◆ Problem
Starting from the line containing "NIKON SPEEDLIGHT SB-50DX", give again every line through the end of the entries, word for word. Pictures stay out of the copy.

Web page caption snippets

■ ■ ■ ■ ■ ■ ■

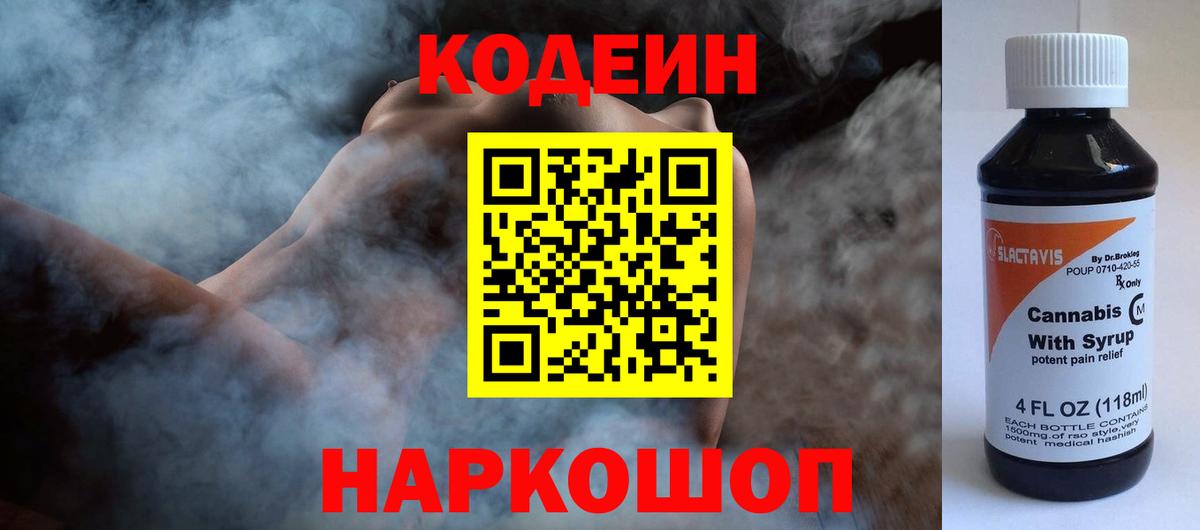 Кодеин напиток Lean (лин)  Вход с VPN  Дзержинский 
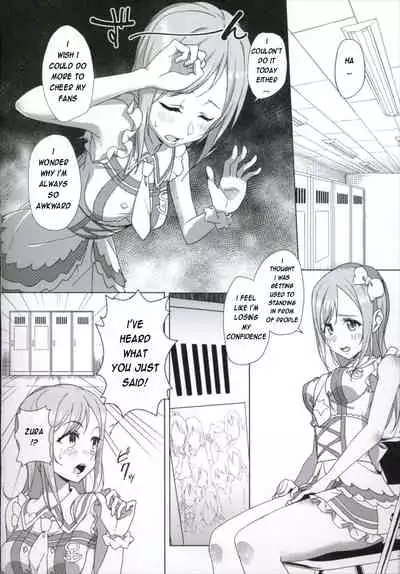 Sore wa Sakki Nonda Atsui Ocha no Sei zura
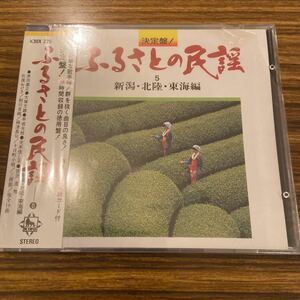 CD V.A 決定盤！ ふるさとの民謡 新潟北陸東海編 / K30X220 / 5点以上で送料無料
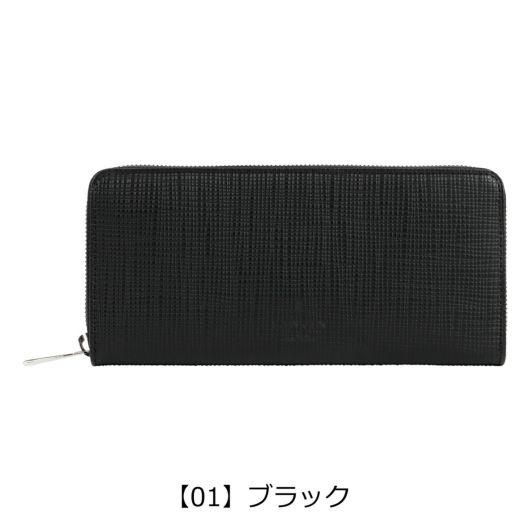 【01】ブラック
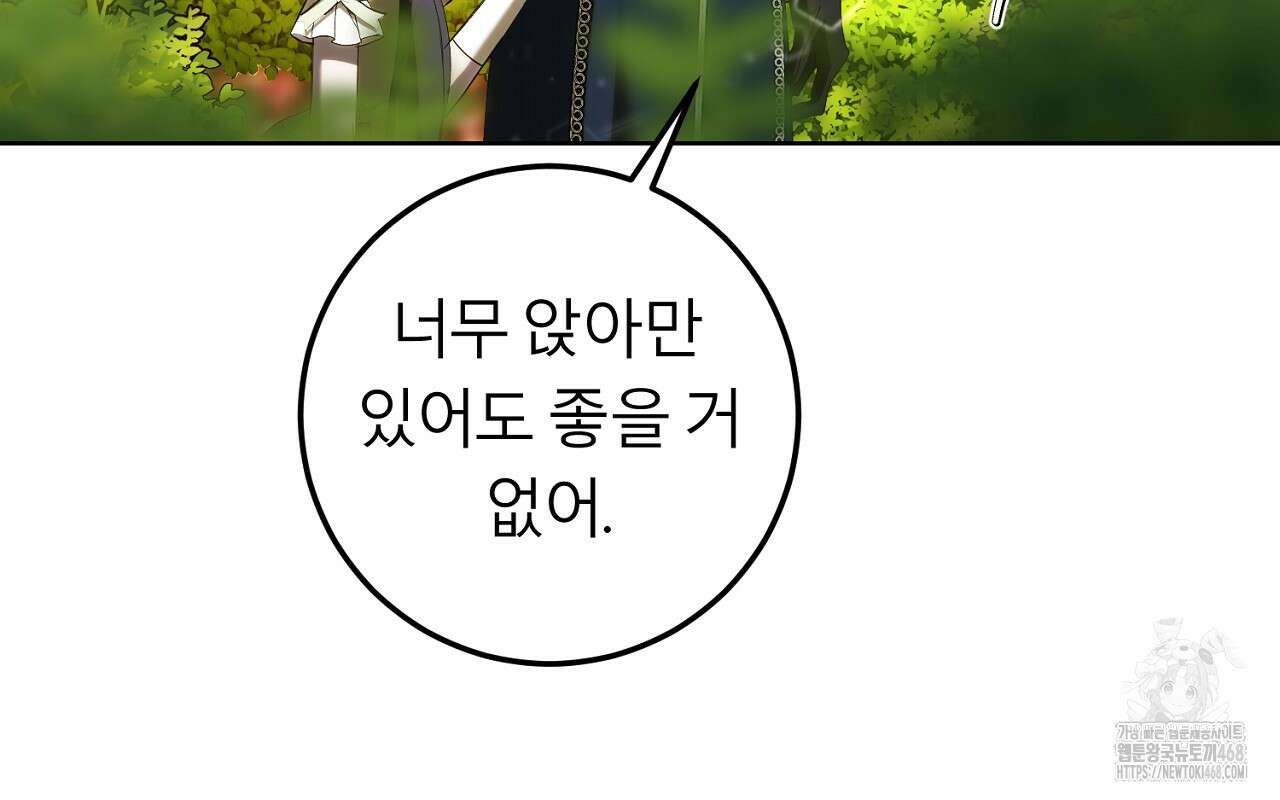 세이렌:저주의시작 17화 39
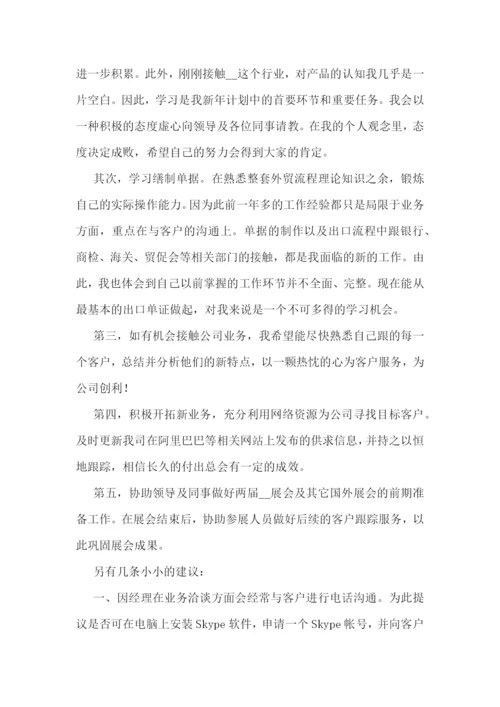 外贸业务员下一年工作计划(精选7篇).docx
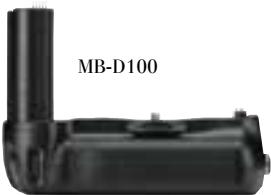 NIKON SPEEDLIGHT SB-50DX - Poignée-alimentation MB-10 - 4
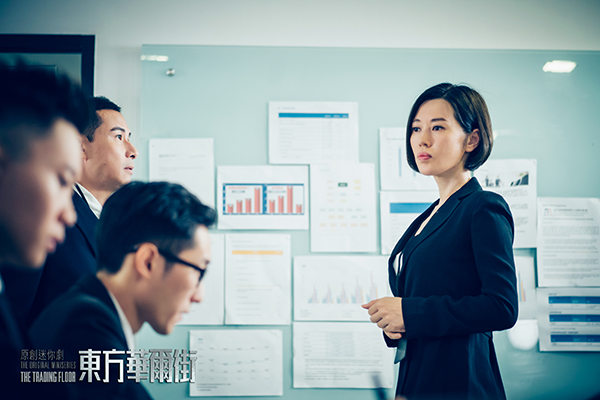 余男《东方华尔街》口碑领跑“男”友力爆棚演技获赞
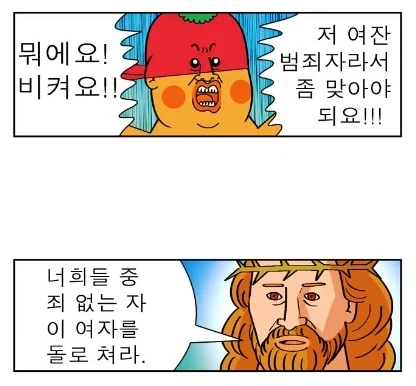 너희들 중 죄 없는 사람만 돌로 내려쳐라_1.webp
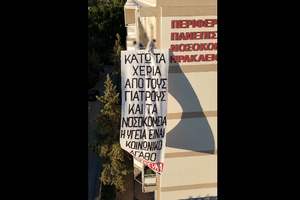 Παρέμβαση του Ρουβίκωνα με γιγαντοπανό στο ΠΑΓΝΗ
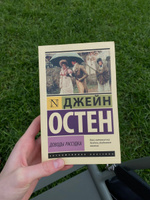 Доводы рассудка | Остен Джейн #1, Дарья С.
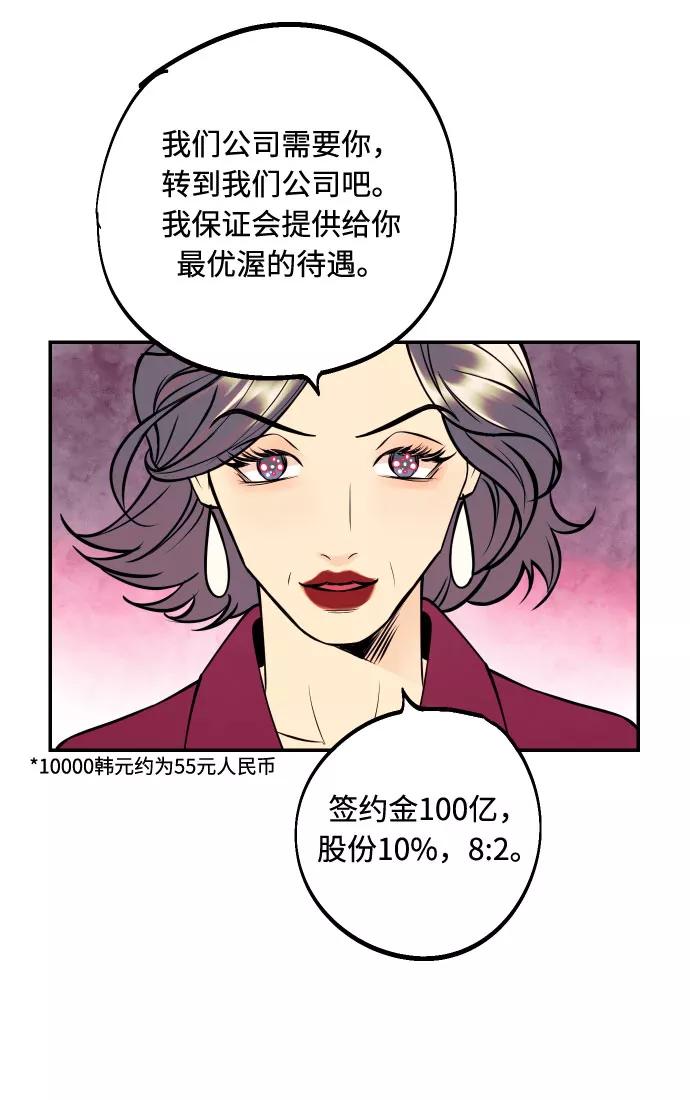 《我想成为你的女人》[第35话] 拒绝的代价 第41页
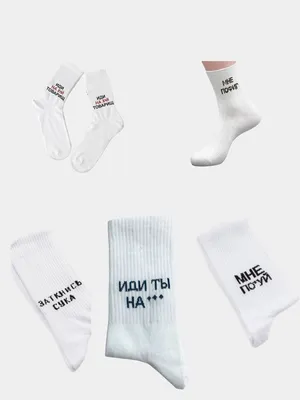 Носки мужские белые, с надписью купить по цене 313 ₽ в интернет-магазине  KazanExpress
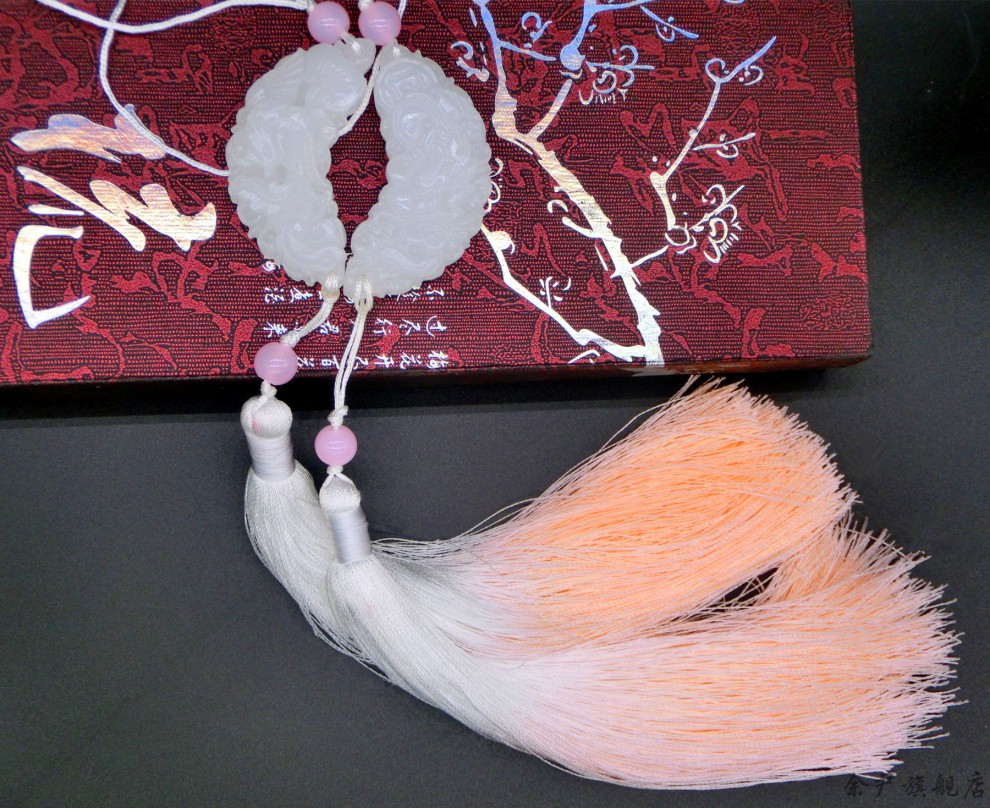 古风玉佩腰佩宫绦禁步龙凤佩流苏挂件汉服压裙坠扇坠笛穗情侣一对水墨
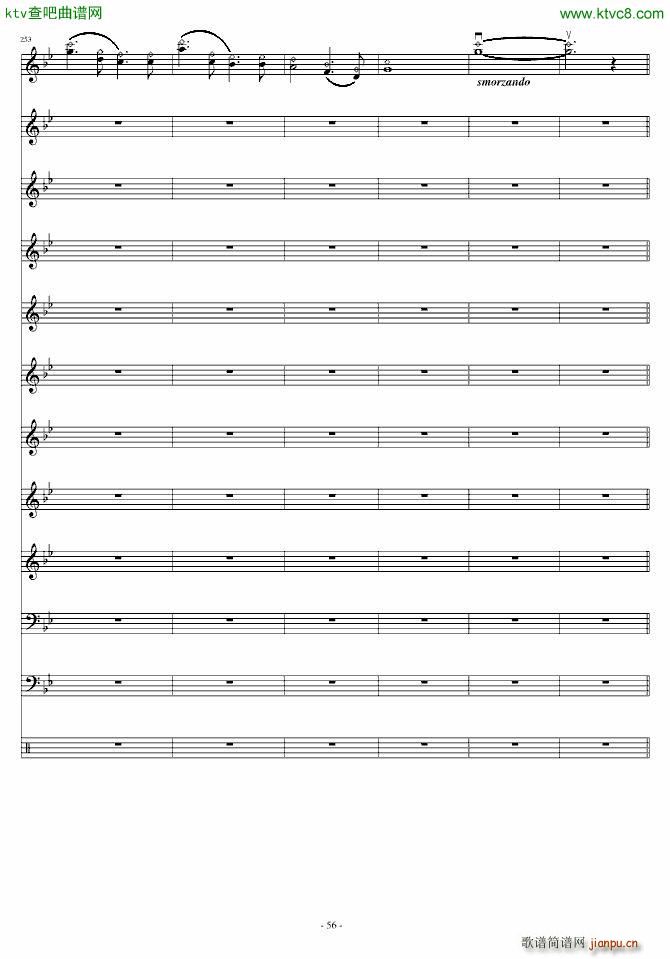 ��(��i)ԏጵ�ҹ ǰƪ(����V)56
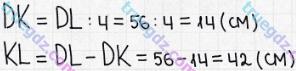 Розв'язання та відповідь 566. Математика 5 клас Істер (2013). Розділ 1. НАТУРАЛЬНІ ЧИСЛА І ДІЇ З НИМИ. ГЕОМЕТРИЧНІ ФІГУРИ І ВЕЛИЧИНИ. §16. Відрізок та його довжина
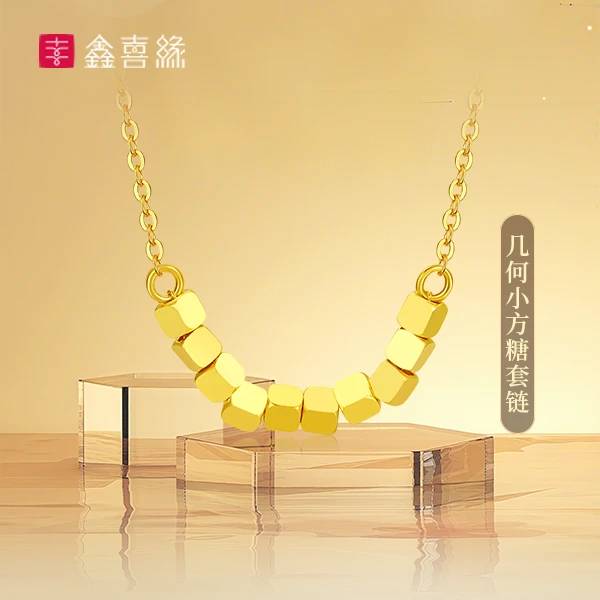 鑫喜缘足金小方糖几何方块一体款礼物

■ ■ ■ ■ ■ ■ ■

◆ Result of this task
 NIKON SPEEDLIGHT SB-50DX - Poignée-alimentation MB-10 - 4
 余男《东方华尔街》口碑领跑“男”友力爆棚演技获赞
 너희들 중 죄 없는 사람만 돌로 내려쳐라_1.webp
 Παρέμβαση του Ρουβίκωνα με γιγαντοπανό στο ΠΑΓΝΗ
 Доводы рассудка | Остен Джейн #1, Дарья С.
 《我想成为你的女人》[第35话] 拒绝的代价 第41页
 Носки мужские белые, с надписью купить по цене 313 ₽ в интернет-магазине  KazanExpress
 古风玉佩腰佩宫绦禁步龙凤佩流苏挂件汉服压裙坠扇坠笛穗情侣一对水墨
 ��(��i)ԏጵ�ҹ ǰƪ(����V)56
 Розв'язання та відповідь 566. Математика 5 клас Істер (2013). Розділ 1. НАТУРАЛЬНІ ЧИСЛА І ДІЇ З НИМИ. ГЕОМЕТРИЧНІ ФІГУРИ І ВЕЛИЧИНИ. §16. Відрізок та його довжина
 鑫喜缘足金小方糖几何方块一体款礼物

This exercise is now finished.